Inside the Hollywood writing that drives creative AI
This is Atlantic intelligence A newsletter where our writers help you think about artificial intelligence and the new machine age. Has anyone forwarded this newsletter to you? register here–
earlier this week atlantic ocean Published new investigation by Alex Reisner into data used without permission in training programs generative-AI In this case, companies like Apple, Anthropic, Meta, and Nvidia have collected dialogue from tens of thousands of movies and TV shows. To develop large-scale language models (or LLM).

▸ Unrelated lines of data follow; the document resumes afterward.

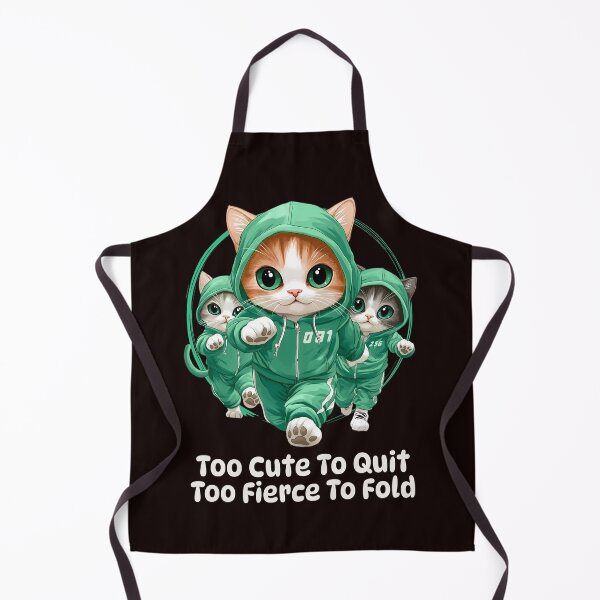Item preview, TOO CUTE TO QUIT | SASSY CRITTERS SERIES — DETERMINED KITTY EDITION designed and sold by WitLounge.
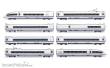 Arnold HN2611S - 8-teiliger Elektrotriebzug RENFE, AVE S-103, blaue Originalfarbgebung, Ep. V, mit DCC-Sounddecoder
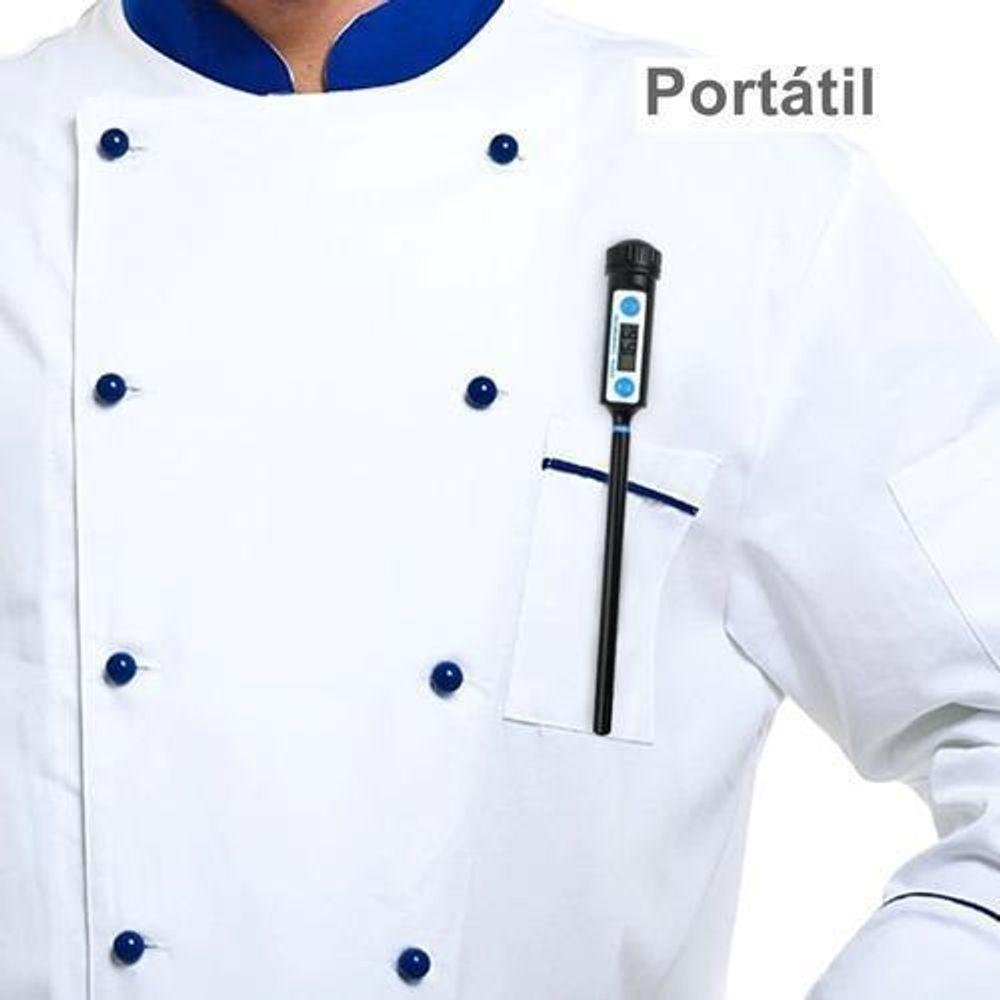 Termômetro Culinário Digital Espeto Alimentos com Bateria - 2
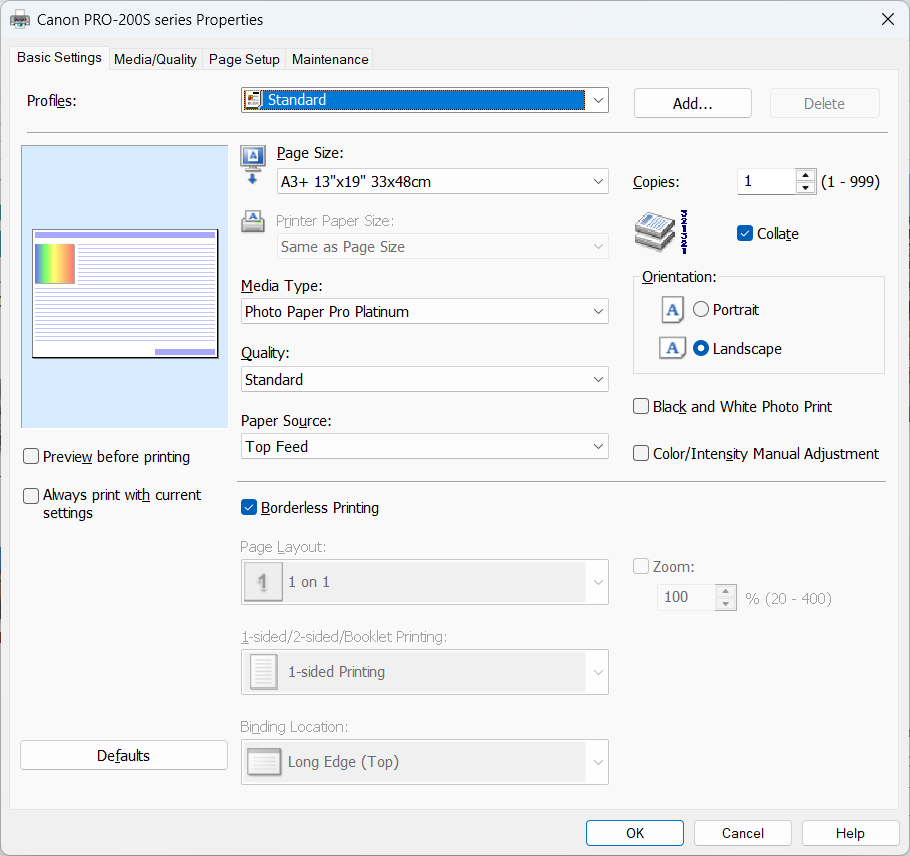 Canon PIXMA PRO-200S 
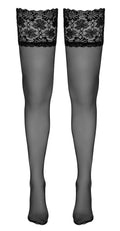 Cottelli LEGWEAR Overval stockings halterloze - Zwart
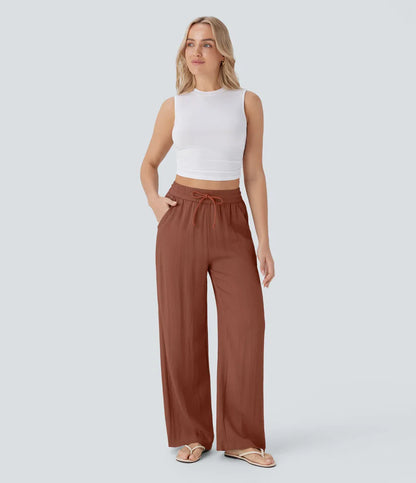 Martina - Pantalones Lino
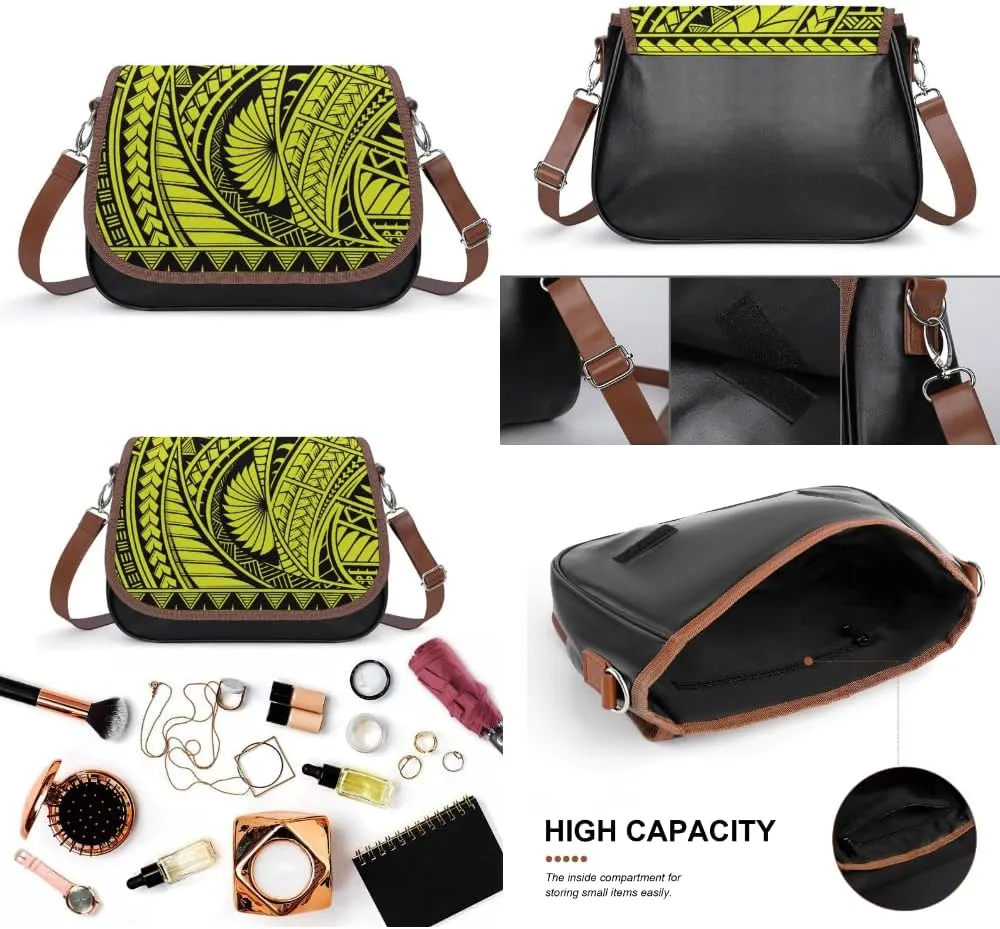 Customized Polynesian Women'S Crossbody Bag, Multi-Functional Work And Travel Bag, Fashionable Youth Small Bag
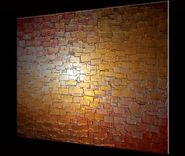 Palette Knife Painting, Metallic Art, Textured Paintings, Abstract Gold, Copper Silver 1 small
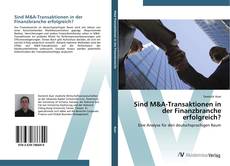 Portada del libro de Sind M&A-Transaktionen in der Finanzbranche erfolgreich?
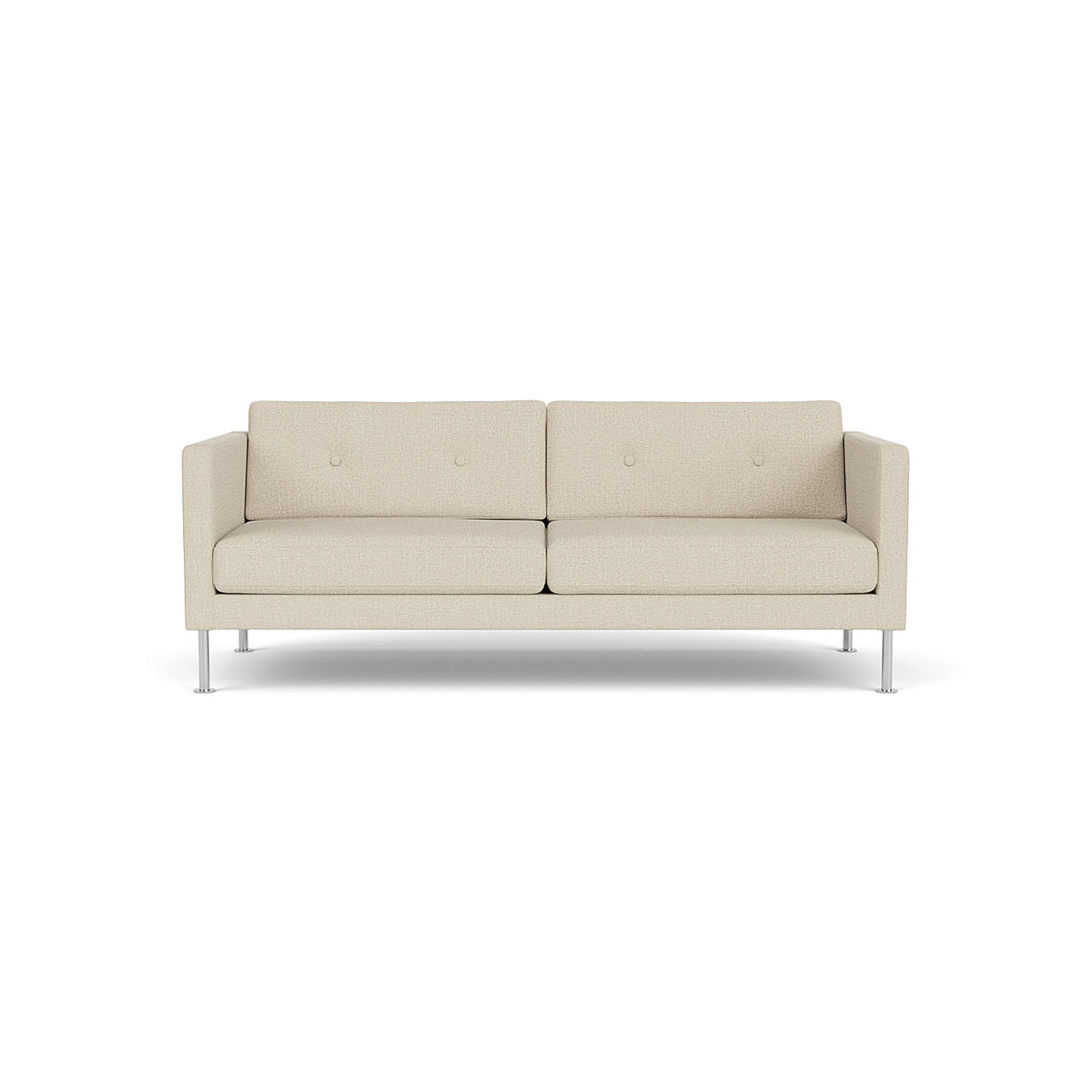 L42 Firhøj - 2,5 pers. sofa - Stål - Beige (00)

The information has a strange origin: it is instead pulled from a script or book. Dialogue is taken from subtitle files extracted from DVDs, Blu-ray discs, and Internet streams. “Although this may seem like an odd AI training resource, captions are valuable because they are a written form of dialogue,” Reisner wrote. “They have the rhythm and style of a conversation. and help tech companies expand the reach of general AI beyond academic textbooks, journalism, and novels, all of which are used to train these programs.”
Perhaps it is no longer shocking that creative humans are being tricked into working to train machines that threaten to replace them. But evidence that clearly shows what data is used and for what purpose is difficult to come by. This is due to the secretive nature of these technology companies. “At least for now. We also know a little more about who was caught in the machine,” Reisner wrote. “The world will decide what they owe.”
There is no doubt that Hollywood writing is driving AI any more.
By Alex Reisner
As long as the chatbot generative-AI Still on the internet Hollywood writers are wondering if their work is being used to train them. The chatbot is very agile in movie references. and various companies It seems to train them from all available sources. One screenwriter told me recently that he had seen an AI that created a very close imitation. mogul and 1980s TV shows AlfBut he had no way to prove that the program had been trained on the material.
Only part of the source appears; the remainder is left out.